During the Second World War Tostock Park was a sub-station of the United States Army Air Force, located in Tostock, near Bury St Edmunds, Suffolk. It was allocated Station No. 502, and supported by RAF Burtonwood.

The base was garrisoned by African-American soldiers from the 1517 Quartermaster (Battalion Mobile) (Aviation), consisting of:
- 1970 Quartermaster Truck Company (Aviation)
- 2023 Quartermaster Truck Company (Aviation)
- 2024 Quartermaster Truck Company (Aviation)
- 2104 Quartermaster Truck Company (Aviation) based in the neighbouring village of Drinkstone.

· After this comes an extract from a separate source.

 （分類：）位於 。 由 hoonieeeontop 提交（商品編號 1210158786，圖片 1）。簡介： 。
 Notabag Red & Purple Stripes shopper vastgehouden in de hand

== African-American Soldiers at Tostock Park ==
The arrival of thousands of American servicemen throughout East Anglia became known as ‘The Friendly Invasion’ and the goodwill demonstrated by the villagers of Tostock towards ‘the yanks’ was extended in no small measure to the black servicemen who in turn frequented the village pub and hosted dances and parties for the locals on the military base which had become their temporary home overseas.

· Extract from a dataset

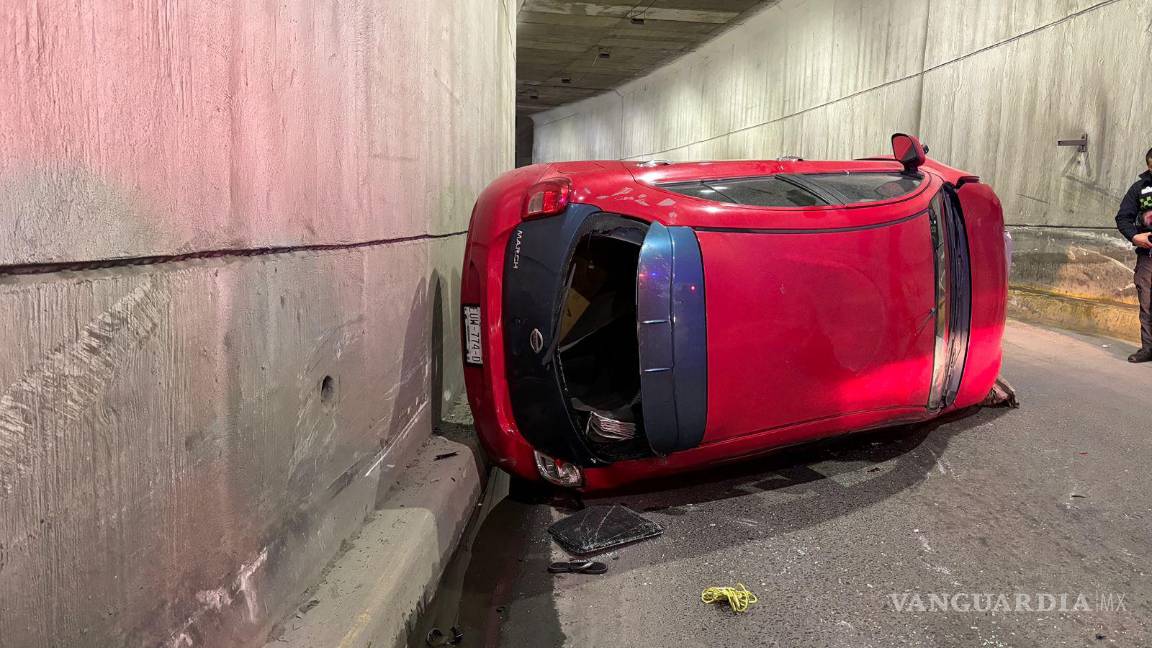$!Automovilistas bloquearon el paso para evitar otro accidente en el lugar.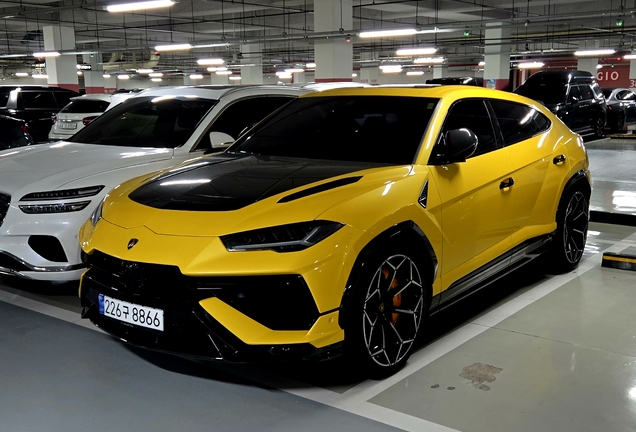 Lamborghini Urus Performante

=== Brown Babies of African-American GIs at Tostock Park ===
Many of these African American soldiers struck up romances with local British women. During one of these parties, William Ellis who was serving in the 9th USAAF met with Olive Bumpstead before the allied forces' onslaught on Europe. Olive gave birth to their child, a Brown Baby, in November 1944 when William was already sent to France. And sadly, William was never heard from again. Their baby Eldridge William Marriott's last name belonged to Olive's then-husband who got soon divorced because she was not willing to cut ties with her newborn baby. William was then raised by his grandparents, aunt and uncle, who owned a cottage at Tostock Park.

Besides William, a bunch of mixed-race children were also living at Tostock Park. Some of them attended the Elmswell Primary School with William. Most of them spent their entire childhood at Tostock Park and ascended to Beyton Middle School and most of them experienced a welcoming atmosphere and acceptance by the other children and teachers.